Most vitamins are produced through fermentation, which changes the molecular profile of the ingredient. This is significant for Pesach because even if the end product is gluten-free, it may still pose a challenge. In contrast to the laws of pas Yisroel, where gluten-free products (that do not contain oats) are not considered “bread”[1], vitamins, however, even when produced through fermentation, may still originate from wheat sources, even if they are labeled gluten-free. Through fermentation, the gluten is converted into sugars, making it gluten-free from a legal perspective. However, halachically, if it originates from wheat starch, it may still be considered chametz [2].

To delve further into the fermentation process, raw materials are mixed with other ingredients and broken down to the point where the molecular profile of the raw material has changed. If the starting material, or feedstock, is wheat starch (although it’s usually not wheat starch, but more common in Europe or Australia), it is fermented into sugar, and then bacteria convert the sugar into the desired product. The final product will be labeled gluten-free, but it may still be problematic for Passover if the feedstock was wheat starch-based. Therefore, seeing ‘gluten-free’ on a vitamin product should not lead one to assume it did not originate from one of the five halachic grains – wheat, oat, spelt, rye, or barley.

Liquid Form

Another way of making vitamin products is through extraction. For example, when creating a liquid vitamin, raw materials are put into a solvent, like alcohol, to extract the desired compounds. This process doesn’t change the molecular profile, but simply transforms the material into a new form. To illustrate, vanilla extract is made by soaking vanilla beans in alcohol, which pulls out the flavor. The resulting extract has the same molecular profile as the original bean, just in a new form. For Passover, extracted products are easier to research since all ingredients, solvents, and extract materials are typically listed on the product label. This allows one to identify what needs to be researched, such as the type of alcohol used (e.g., cane, corn, or chometz-derived). By examining the product label, one can gain a clue about what requires further investigation.

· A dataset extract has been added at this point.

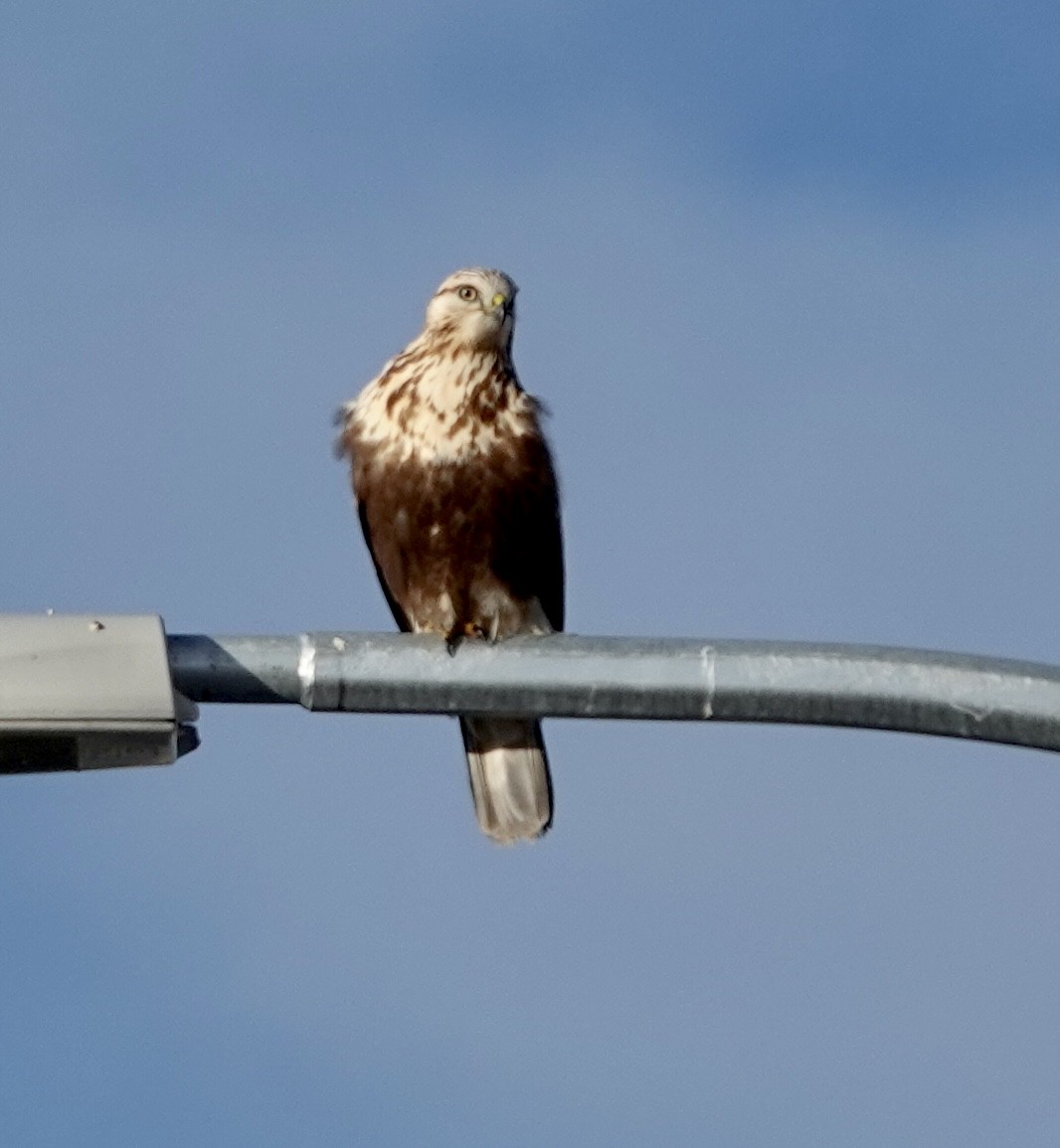 Raufußbussard - ML614299962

As stated previously, in America, wheat starch is more expensive than cornstarch, and grain alcohol is more expensive than corn or sugar-derived alcohol. Therefore, in America, it’s less likely to be wheat derived.

Herbal Supplements

With regards to herbal supplements, the herbs themselves are not a problem, but the alcohol or glycerin used in the extraction process can be problematic. If the product is certified year-round by a Kashrus agency, then that’s the easiest and best way to verify the material, whether it’s only Kitniyos or whether there’s chometz. They would usually be able to provide you with that information, which is getting first-hand information, and that’s the best way to do that.

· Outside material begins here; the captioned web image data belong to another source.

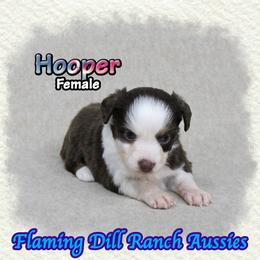 Hooper - Red tri female Toy Australian Shepherd puppy in Forestburg, Texas from Flaming Dill Ranch Aussies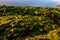 The vast area of Eldhraun, in Iceland, covered by woolly moss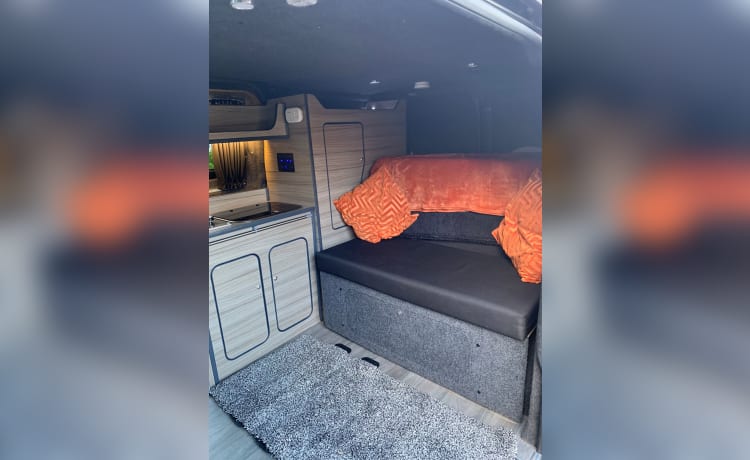 Henry – 2-persoons Ford campervan uit 2016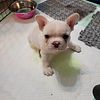 French bulldog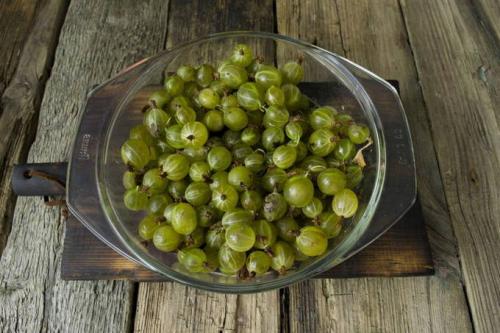 Нужно ли прокалывать крыжовник для варенья. Варенье-пятиминутка из крыжовника на зиму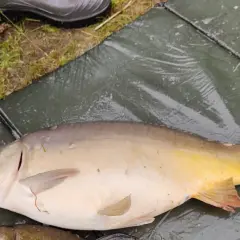 Wspaniałe ryby złowione w Grzegorzewicach! Karp leży na macie, obok trawy i buta.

When it comes to tablets, some of them are glazed, and the glaze itself can be an issue. In America, it’s typically kitniyos-based, but in Europe and Australia, it’s more common to use wheat-derived glazes. Additionally, vitamin C is often fermented from ingredients that are problematic for Passover. This is the background information on the food and vitamin industries.

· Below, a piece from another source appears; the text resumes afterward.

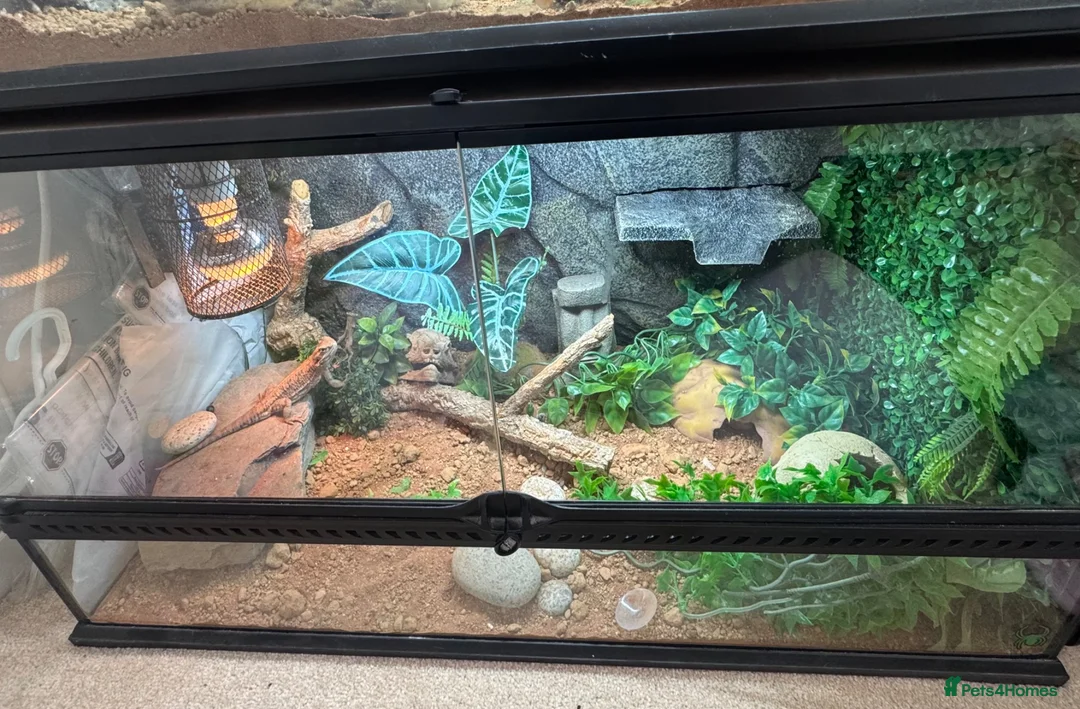 Dragon reptiles for sale: Rankins Dragon Male 4.5 years  in Bristol - Advert 5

In practical terms, what do we do with this information?

When a doctor prescribes medication for a physical, mental, or emotional ailment, it’s essential to take it as directed. We recommend that individuals take their medication in a swallowable pill form, as this is not considered eating. There is no question that individuals must continue taking their swallowable pills as medication on Passover if their doctor recommends that they do so.

However, chewable pills and liquid pills present a different scenario, as they are considered derech achila (the usual way of eating) and more problematic. In such cases, we recommend exploring alternatives in swallowable pill form, if possible. Most adults can swallow pills, but if someone has difficulty, they should consult with their doctor and Rav to find a solution.

My esteemed father-in-law, Rabbi DY Levy OBM, shared a poignant story about a Rav in Israel who knew someone who stopped taking medication due to chometz concerns, leading to a tragic outcome after Passover. Let us learn from this and ensure that those in our community take their medication to avoid any potential issues.

With regards to someone who’s illness is not life-threatening, not someone who the doctor says they must take medication, rather someone who feels unwell to the point that they have to be lying down to alleviate their symptoms – like someone with the flu, an ordinarily healthy person, they’re lying down to rest and recuperate, their life is not in danger. So even those who don’t eat kitniyos can be lenient here, because when the rabbis forbade kitniyos, they didn’t forbid it for small children and Cholim [3] (sick people). So, if someone feels so unwell they have to lie down, they’re comparable to a young child, then they’re allowed to take kitniyos for their health.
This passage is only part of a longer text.